Similarly, you can replace the addition or subtraction of C by providing the appropriate delta to call filter2D . This again cuts a few percent.
NB . You may encounter slight differences that occur outside of the floating point representation if you implement the two above changes.

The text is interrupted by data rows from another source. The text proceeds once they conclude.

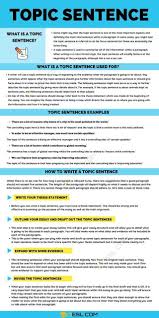 Topic Sentence Topic Sentences Essay Writing Skills Essay Writing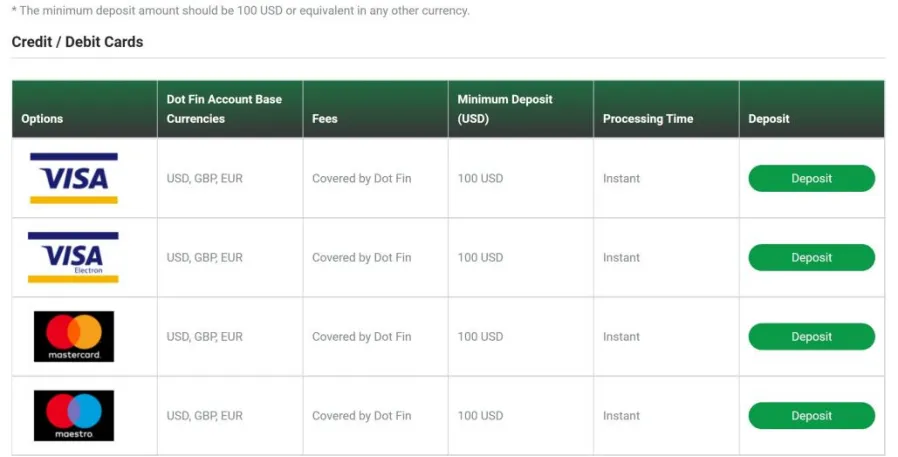 Deposit & Withdrawal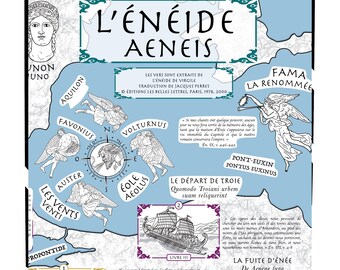 Carte de l'Énéide / Collection "Au Coeur des Mythes"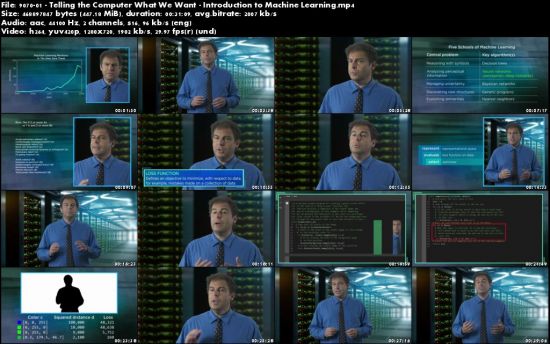 TTC - Introduction to Machine Learning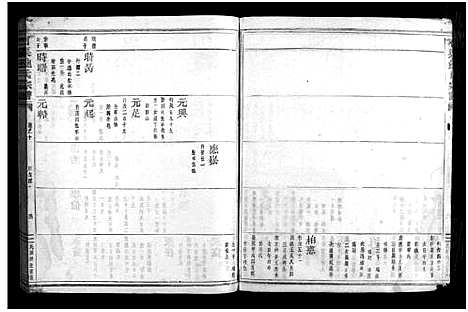 (石渠鲍氏家谱)浙江石渠鲍氏宗谱_卷数不详_五.pdf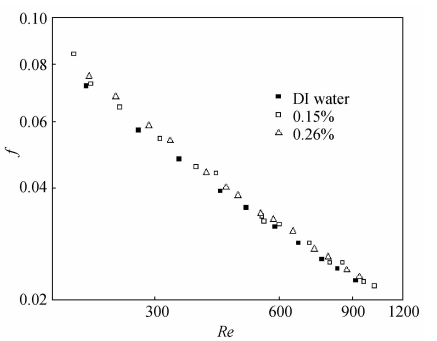 纳米流体和去离子水流动阻力特性比较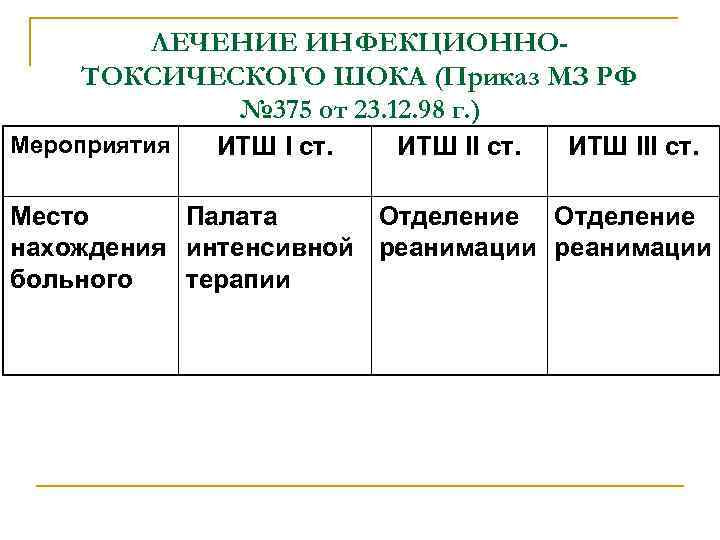 ЛЕЧЕНИЕ ИНФЕКЦИОННОТОКСИЧЕСКОГО ШОКА (Приказ МЗ РФ № 375 от 23. 12. 98 г. )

Another possibility is to make the comparisons necessary to determine the mask for comparing the vs scalar matrix:
input < threshold input - input < threshold - input 0 < threshold - input 0 < adjusted_threshold
We can achieve this by modifying the kernels to subtract the value of the anchor pixel scaled by the corresponding weight ( ksize ). With numpy, this seems to make only a slight difference, although, as I understand it, we could save half the reads in this part of the algorithm (while filter2D supposedly still reads and multiplies the corresponding values, even if the weight is 0).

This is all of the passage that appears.